Excerpts From the Book

Chapter 1: I learned that two hundred miles are not always merely two hundred miles, that it may be five hours or ten hours or two days away. And this you do not learn from a map. You taste the dust, broil during long days across desert and steppe, sleep in strange often dirty places, get ill from the food, go weeks without a proper bath–are generally exposed to all the things that keep some people coming home but make others, like me, confirmed travelers. For in all this you learn, and grow, and meet people, and begin to understand.

Chapter 6: In the evening light I passed a few indians in the alley outside Mr. Patel’s office. Further along, the main street was alive with strolling Europeans. Yet this is Africa, I reminded myself. What of the Africans? Kenya is their country, and the aims of the British government, at least as stated in 1923, recognize the preeminence of African interests. Next day I walked into the office of the Municipal Officer for African Affairs, Mr.

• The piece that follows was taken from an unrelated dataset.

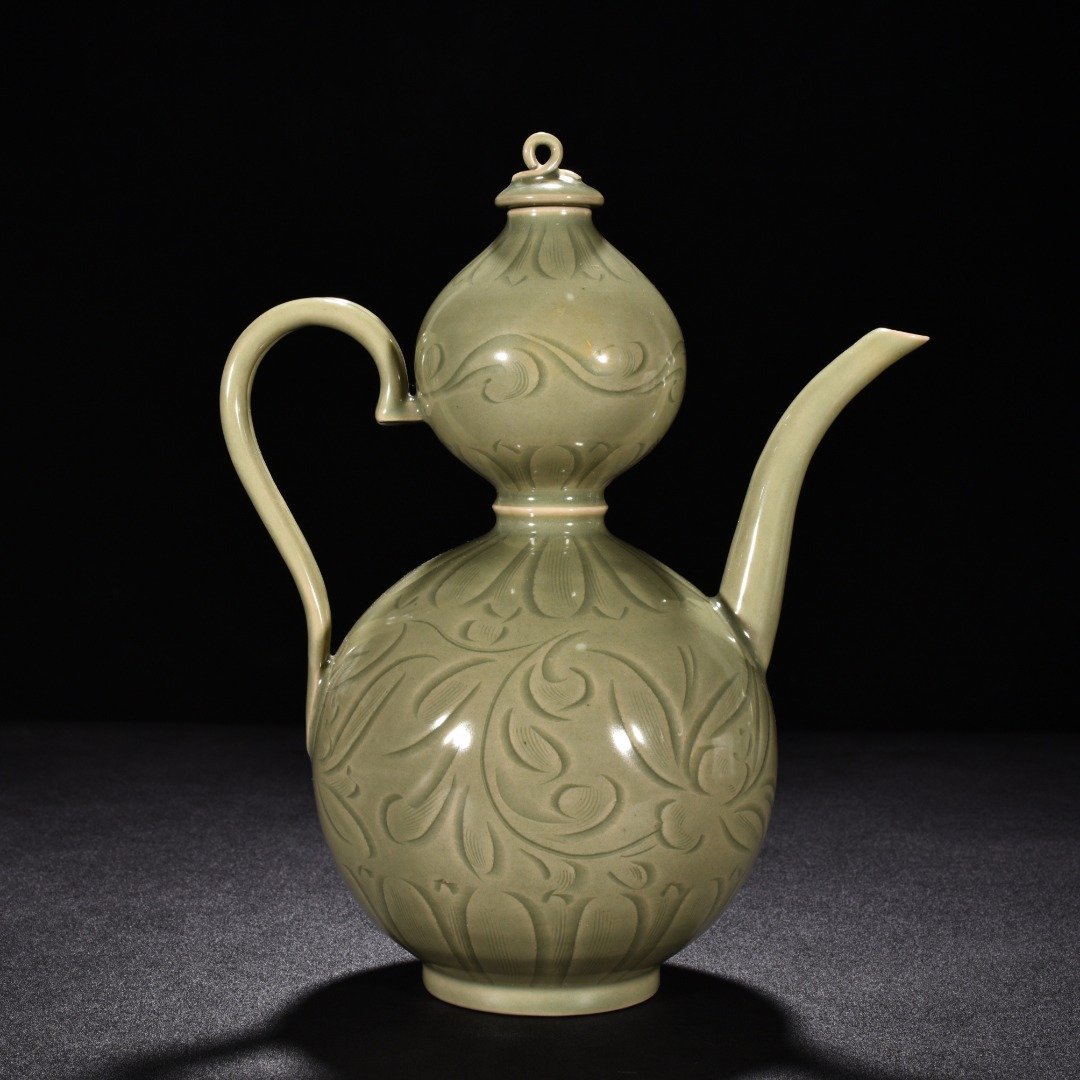 Five Dynasties secret color Yue kiln celadon engraved flower pattern gourd pot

E. C. Eggins, and asked him what the government was doing in Mombasa for the Africans

Chapter 8: Kilimanjaro floated in and out of her mists as we sped on newly laid tarmac toward Arusha. The thrill of her snowcovered eminence only increased with each glimpse, and we stopped a dozen times for photographs.

Chapter 16: In the Belgian Congo, we had been invited to visit the plantation owned by Maurice de San, brother of Louis de San who was the Belgian Charge d’affaires in New Delhi in 1952. I was anxious to hear what a resident thought about the way colonialism was practiced here. The several British civil servants who mentioned the Congo during interviews in Kenya and Uganda strongly disagreed with what they considered to be the Belgian’s heavy-handed policies to control the natives and limit their education.